L’urgence justifie que soit prononcée la suspension d’un acte administratif lorsque l’exécution de celui-ci porte atteinte, de manière suffisamment grave et immédiate, à un intérêt public, à la situation du requérant ou aux intérêts qu’il entend défendre. Il appartient au juge des référés, saisi d’une demande de suspension d’une décision refusant la délivrance d’un titre de séjour, d’apprécier et de motiver l’urgence compte tenu de l’incidence immédiate du refus de titre de séjour sur la situation concrète de l’intéressé. Cette condition d’urgence sera en principe constatée dans le cas d’un refus de renouvellement du titre de séjour, comme d’ailleurs d’un retrait de celui-ci. Dans les autres cas, il appartient au requérant de justifier de circonstances particulières caractérisant la nécessité pour lui de bénéficier à très bref délai d’une mesure provisoire dans l’attente d’une décision juridictionnelle statuant sur la légalité de la décision litigieuse.
Il résulte de l’instruction que Mme A…, qui a été titulaire, en dernier lieu d’un titre de séjour portant la mention « recherche d’emploi-création d’entreprise » valable du 1er mars 2024 au 28 février 2025, a déposé, le 26 février 2025, une demande de changement de statut et de délivrance d’un titre de séjour portant la mention « vie privée et familiale ». Dès lors que Mme A… n’a pas demandé de renouvellement de son titre de séjour, mais la délivrance d’un titre de séjour sur un nouveau fondement, l’urgence de sa situation n’est pas présumée. Si elle fait valoir que son contrat à durée déterminée a été interrompu le 28 février 2025 en raison de l’irrégularité de sa situation, elle n’apporte aucun élément de nature à établir que son contrat aurait été rompu pour ce motif ni même qu’il aurait été renouvelé si elle avait été en possession d’un document de séjour. Mme A…, qui ne présente pas de promesse d’embauche récente, n’établit pas davantage qu’elle aurait manqué des opportunités professionnelles depuis lors en raison de l’irrégularité de sa situation. Compte-tenu de ces circonstances, la requérante ne justifie pas de l’incidence grave et immédiate de la décision contestée sur sa situation. En outre, il résulte de l’instruction qu’elle a déposé sa demande de changement de statut tardivement, deux jours avant l’expiration de son titre de séjour, et peut dès lors, et en tout état de cause, être regardée comme s’étant mise elle-même dans la situation d’urgence qu’elle invoque. Par suite, la condition d’urgence au sens et pour l’application des dispositions de l’article L. 521-1 du code de justice administrative, qui doit s’apprécier objectivement et globalement, ne peut en l’espèce être considérée comme remplie.

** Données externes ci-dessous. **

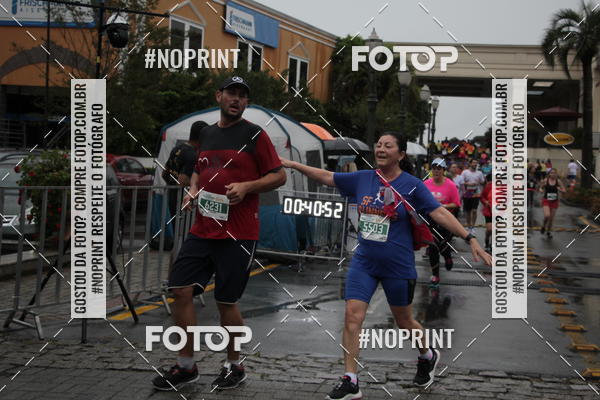 Buy your photos of the event4 Etapa do Circuito de Corridas de Rua de Curitiba - SMELJ on Fotop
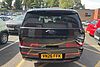 Hyundai SANTA FE 1.6 T-GDi PHEV Calligraphy 4WD Black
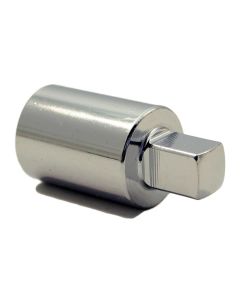 CTA2037 image(0) - CTA Manufacturing 10 mm Hex Driveain Plug Wrench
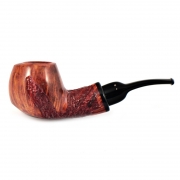 ����������� ������ Winslow - E-043 (������ 9 ��)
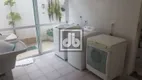 Foto 16 de Casa de Condomínio com 4 Quartos à venda, 504m² em Barra da Tijuca, Rio de Janeiro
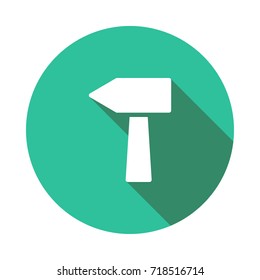  law icon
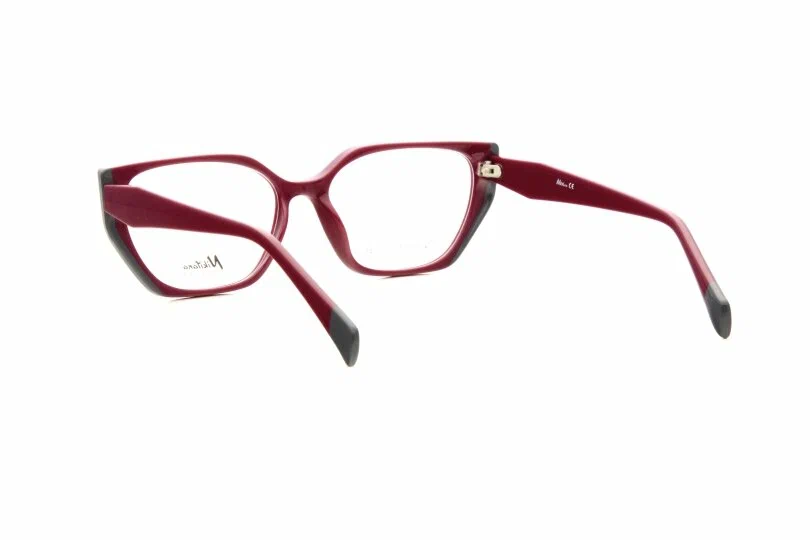 Оправа для очков NIKITANA 3979 5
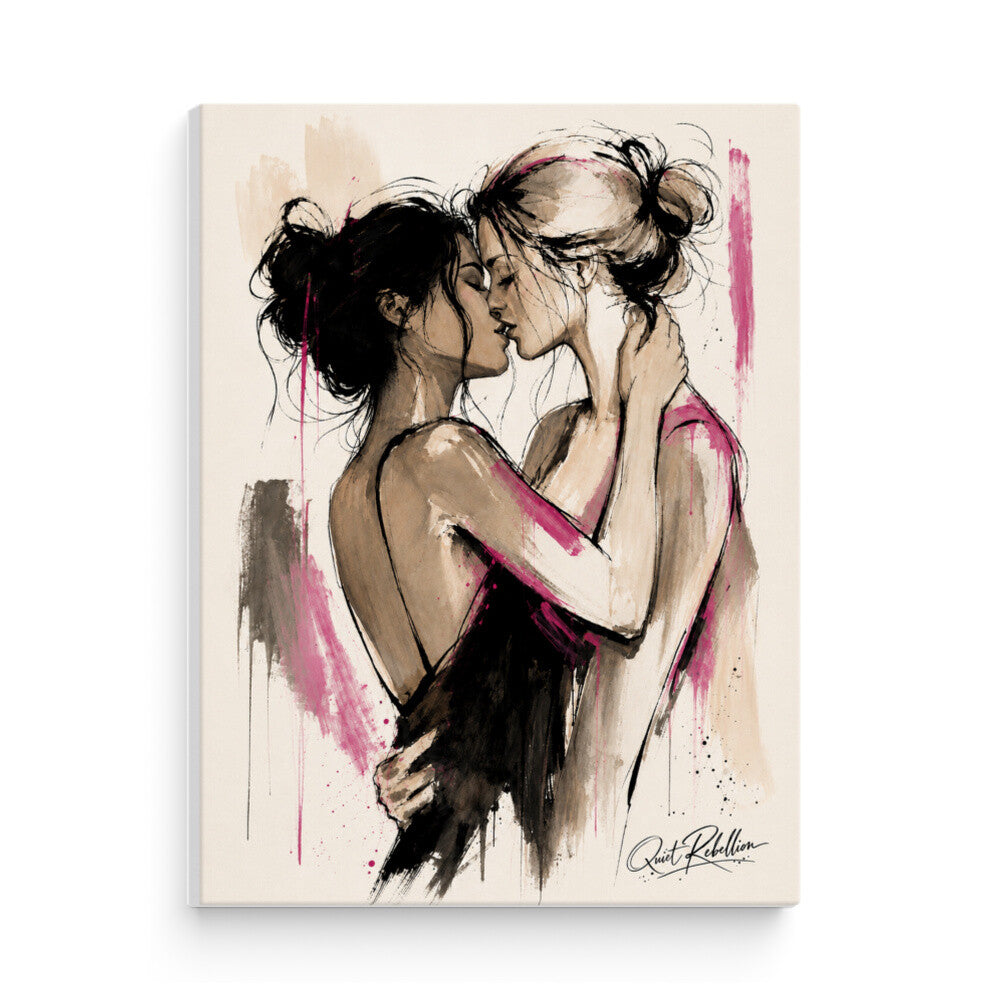 Image for size: 60cm x 80cm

Il résulte de ce qui précède, sans qu’il soit besoin de se prononcer sur l’existence de moyens propres à créer, en l’état de l’instruction, un doute sérieux sur la légalité de la décision contestée, que la requête de Mme A… doit être rejetée en toutes ses conclusions.
ORDONNE :
La requête de Mme A… est rejetée.
La présente ordonnance sera notifiée à Mme B… A… et au ministre de l’intérieur.
Copie en sera adressée au préfet des Hauts-de-Seine.
Fait à Cergy, le 11 décembre 2025.
La juge des référés
Signé
L. Moinecourt
La République mande et ordonne au ministre de l’intérieur en ce qui le concerne ou à tous commissaires de justice à ce requis en ce qui concerne les voies de droit commun contre les parties privées, de pourvoir à l’exécution de la présente décision.